Good lord my wife and I go around on this several times a year and every single time I point out that I will happily trade work loads with her. 

Just follow me around and match me one to one for a single day and I will happily do your home jobs for a week on top of my own. 

Never once has she followed up on it.


----------



## turnera (Jan 22, 2010)

Have you ever given your wife a day off of these 'home jobs?'


----------



## married tech (Jan 18, 2014)

Every day that she has given me a day off from my home duties! 

So no not really. 

That's the down side to declaring that you want to live as equals in a relationship. The other person just might hold you to that request. 

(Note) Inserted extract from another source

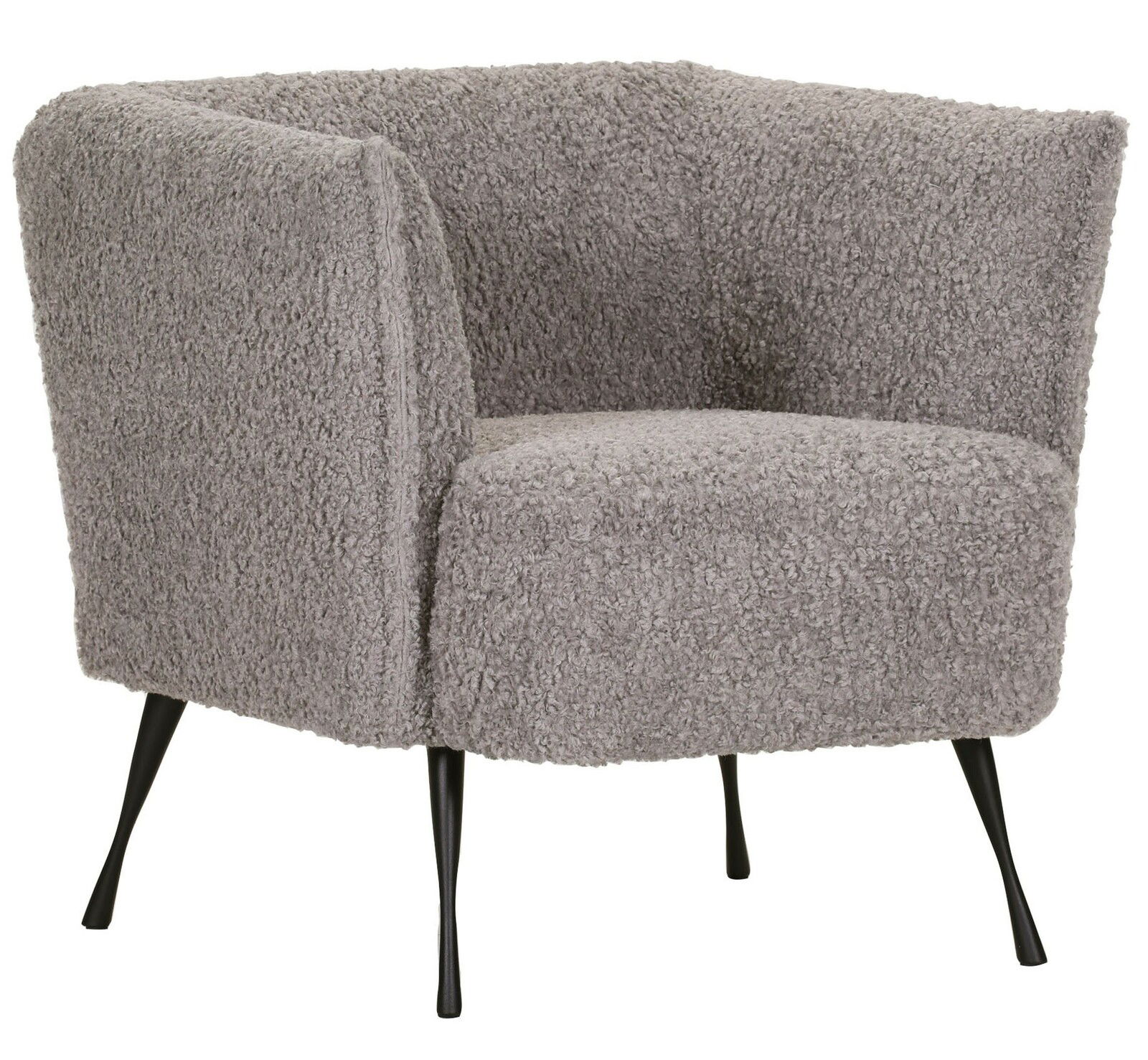 Grauer Sessel mit weichem, flauschigem Stoffbezug und schwarzen, schlanken Beinen, seitliche Perspektive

BTW I just spent half my day putting a whole new ceiling in our bathroom because I had some unused panels and ceiling track pieces laying around from a previous ceiling job we did a while ago and I didn't feel like working outside in the cold today. 

What does that buy me?


----------



## DTO (Dec 18, 2011)

married tech said:


> That's the down side to declaring that you want to live as equals in a relationship. The other person just might hold you to that request.


That's exactly true. There are people (both genders, but more women) that expect to receive more from their partners than they give back.


----------



## married tech (Jan 18, 2014)

Well my wife came home and saw the new bathroom ceiling plus I even took the whole exhaust fan assy out rebuilt it, stripped all the old paint and rust off the cover and repainted it in high gloss black.
(Dang nice looking ceiling now!) 

All she did was cry when she saw it so I am thinking I may take it all out put it all back to how it used to be tomorrow.


----------



## turnera (Jan 22, 2010)

Cried good or cried bad?

What I meant was, does she ever get to turn off being mom/wife/housekeeper, even for just a day? Trust me, it can do wonders for a marriage (and sex life), letting her do that now and then by you taking over and sending her somewhere or you taking the kids off her.


----------



## married tech (Jan 18, 2014)

Good cry! 
Yea she liked the new bathroom ceiling. In fact if I got to town tomorrow I am supposed to go and find a new vanity light. 

Good thing she was not home though I had to strip some hardwood slats off of a shipping pallet to make new braces for the vent fan and re enforce bad spots in two places. 

As far as the other parts no not that I am aware of. If anything when discussing such things I get met with a considerable resistance! 
Especially if she feels her mother status may be threatened.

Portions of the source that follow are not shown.